Wednesday, May 18, 2022

Escaping Immigration detainees now a nat’l security issue - Fahie

Escaping Immigration detainees now a nat’l security issue - Fahie

Premier Andrew Fahie has described the recurring issue of escaping Immigration detainees as a national security issue.

Numerous detainees have escaped the clutches of private security officers and police in recent months after they were placed under guard mainly at two hotels in the capital city of Road Town.

While some of those detainees have since been recaptured, others continue to remain at large.

“It is a national security issue now of deep concern and I can’t say all that has been discussed, but there are some measures discussed that are going to be put in place,” the Premier stated at a press conference last Friday.

However, Premier Fahie indicated that these measures have not been discussed outside of the National Security Council (NSC), and said they remain confidential.

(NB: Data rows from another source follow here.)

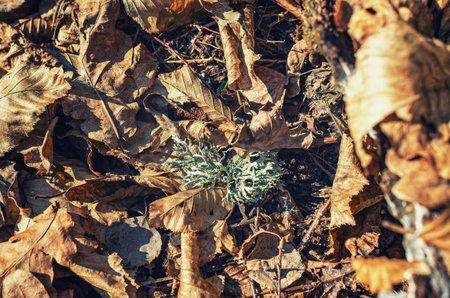 Lichen on forest floor with leaf. Spring sceneの写真素材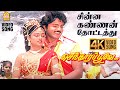 Chinna Kannan 4K Video Song சின்ன கண்ணன் தோட்டத்து Vijayakan
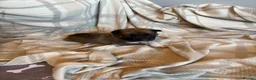 Mixed Breed dogs for sale: Border collie x Belgian Malinois  in Derby - Advert 18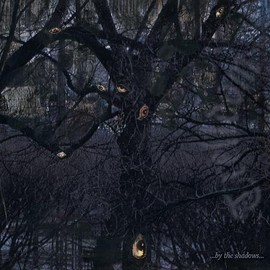 ...By the Shadows... (Digipak)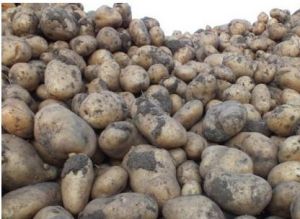 山寧15號 山寧15號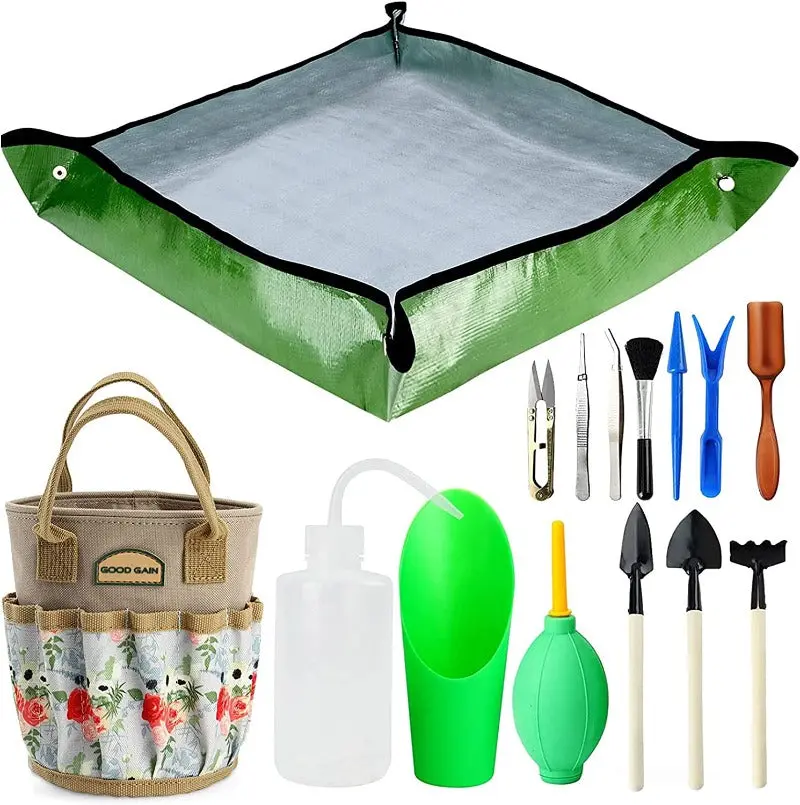 Premium Succulent Garden Tools Set with Organizer Bag and 12 Tools for Mini Plants Care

The Premier further related that millions of dollars continue to be expended to house Immigration detainees in compliance with international human rights conventions and explained that it would be a violation for them to be held in prison.

I can’t speculate


Meanwhile, Immigration Minister Vincent Wheatley said he could only speculate on the reasons for the troublesome issue.

“I could only speculate, but I don’t think that [Hotel] Castle Maria, where most of them tend to stay, was designed for as many persons as we tend to get sometimes,” Wheatley expressed.

“Apart from maybe their regular customers, we may have 30-something persons in there with various conditions. I imagine it’s a security challenge for police officers or the security companies to be able to manage. I cannot say why they’re escaping,” Wheatley stated.

Minister Wheatley said investigations are being conducted into why the escapes continue to happen.

They are not animals


He also told reporters that the government spent a considerable sum of money on the detainees in recent months.

“The figure I saw recently was around a million dollars,” Minister Wheatley said. “These things do cost us. Because if there are court hearings, if there are medical situations, the security situation, accommodations, food, [the government has to foot the bill].”

He added: “We must feed persons that are held in captivity because of the international conventions we are a part of. They are not animals, they are human beings still. We have to treat them with a certain level of dignity which does cost taxpayers of this country.”

“We have to move towards a detention centre,” the minister further said.